Most obviously there has been a wave of concern here in the UK about the state of the economy. Less obviously, but in the long run more significant, is rising concern worldwide about the shape of the recovery and the huge debt burden carried by all developed economies.

Anyone reading the papers last week will be aware of the debate about the true state of the UK economy. Did it really shrink 0.5 per cent in the final quarter as the first estimates of GDP from the Office for National Statistics (ONS) suggested? Or is the view of some independent forecasters and, though it can't say so in public, the Bank of England, that the decline, if it took place at all, was much smaller? There was no hint in the reports from the Bank's agents around the country of the economy actually shrinking, and just ahead of these figures another member of the Bank's monetary committee voted for a rise in rates.

My own guess is that as further data comes in, these figures will be revised upwards and that the economy was probably pretty flat overall, with growth in October and November offset by a weather-related decline in December. But there's not much point crawling over the figures until we know more.

What is beyond dispute, however, is that this year will be difficult. Consumers have been hit by the rise in VAT and though the experience of Germany that a rise in VAT had only a temporary effect, it comes at a bad time. Living standards were already being squeezed by pay freezes or very low increases and higher-than-expected inflation – or perhaps I should say higher than the Bank expected, though not higher than some thought probable.
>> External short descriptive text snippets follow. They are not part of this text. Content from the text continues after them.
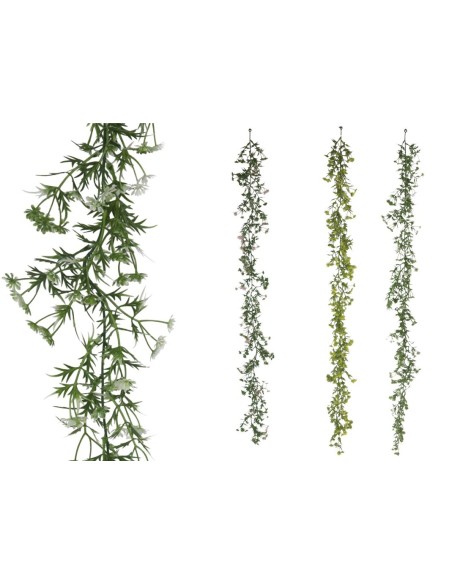 GUIRNALDA FLOR PLASTICO -135CM (S)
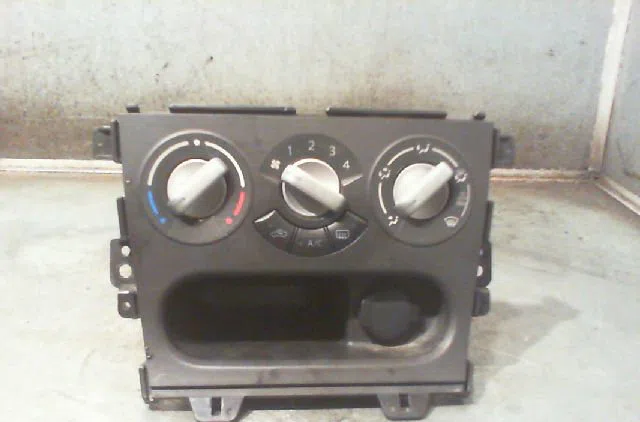 Commande de chauffage Opel AGILA (B) (H08) 1.3 cdti (f68) (2008-2010) 5 portes occasion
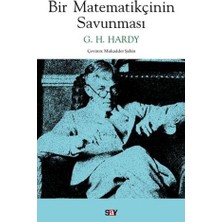 Say Yayıncılık Bir Matematikçinin Savunması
You can see the squeeze in the main graph. Mervyn King noted last week that real wages were falling and that is was the sharpest reduction since the 1920s. Maintaining consumption this year will depend on whether people are prepared to run down their savings. Some economists, for example those at Lloyds Bank, think they will and that consumption will rise. But a lot obviously depends on inflation and here things are to some extent outside the hands of British policymakers.

We have had a 20 per cent-plus devaluation of the pound, and rising import prices have inevitably meant higher prices for everyone. Global demand for energy and commodities, mainly from China, has pushed up these prices, which in turn has pushed up food prices. As you can see from the right-hand graph, so-called core inflation has not been too bad; it is food and energy that is the problem. But for most people food and energy are very much a core part of their household budgets. Everybody has to eat and most people have to heat their homes and fuel their cars.

This puts huge pressure on the Government. It cannot reverse the broad thrust of spending cuts or the tax increases. We are still borrowing 10 per cent of GDP. But within the big totals there ought to be some flexibility, with fuel prices the obvious candidate. The Government cannot do anything about the oil price or the sterling/dollar rate. But it can avoid the charge of profiteering from higher fuel prices by handing back some of the additional tax it is receiving. Expect that to happen – it is something that the Lib Dem side of the coalition really needs, for many of its constituencies are rural ones.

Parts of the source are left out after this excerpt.